Friday, January 4, 2013

Grasping the lived experiences


All those who study phenomenology may not deny that we are trying to reveal our lived experiences and their structures in the very way that they are lived. But how can we accomplish this task? Lived experiences are so called because they are just lived without reflection, or more precisely, in a pre-reflective way. This is one of the points where the diverse research methods appear inside the phenomenological circle.

For example, van Manen (1990) stresses the impossibility to consciously grasp the lived experiences:
“A person cannot reflect on lived experience while living through the experience.” (p.10)
“Various thinkers have noted that lived experience first of all has a temporal structure: it can never be grasped in its immediate manifestation but only reflectively as past presence.” (p.36)

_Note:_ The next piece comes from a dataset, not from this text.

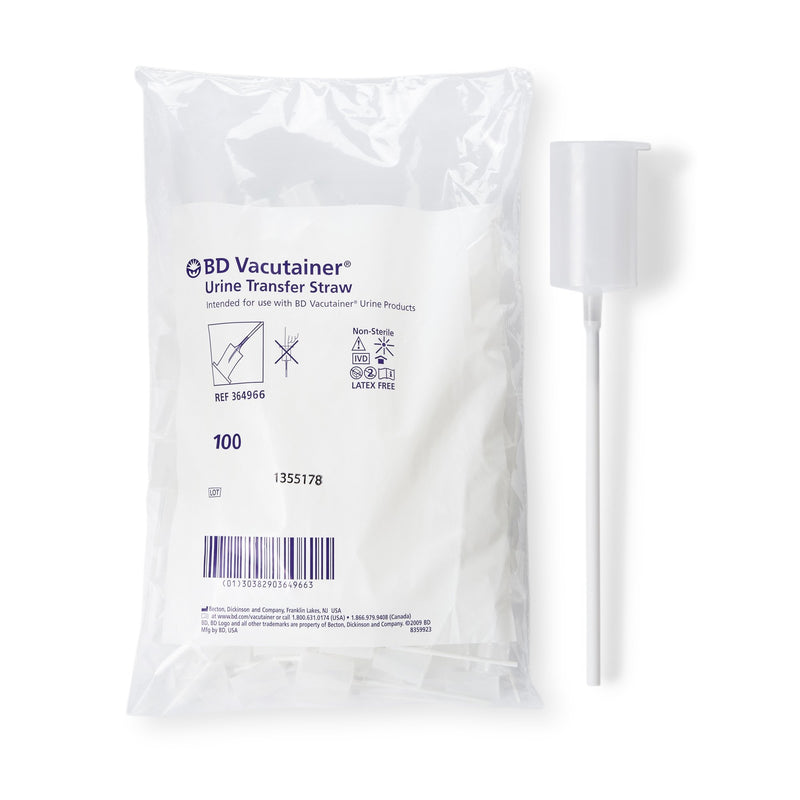 Vacutainer® Urine Transfer Straw For BD Urine Collection System (332291_BX) 100/BX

According to him, what we are able to do is to reflect our experiences ‘as past presence’. However, he also requires a kind of sensitivity in practicing this reflection:
“a rigorous human science is prepared to be “soft,” “soulful,” “subtle,” and “sensitive” in its effort to bring the range of meanings of life’s phenomena to our reflective awareness.” (p.18)
[van Manen. (1990). Researching Lived Experience: Human Science for an Action Sensitive Pedagogy. Albany: SUNY Press.] 

Thus, in case of van Manen thoughtful and sensitive reflection, though acknowledging the innate limit of it, is placed as a method for grasping the lived experiences.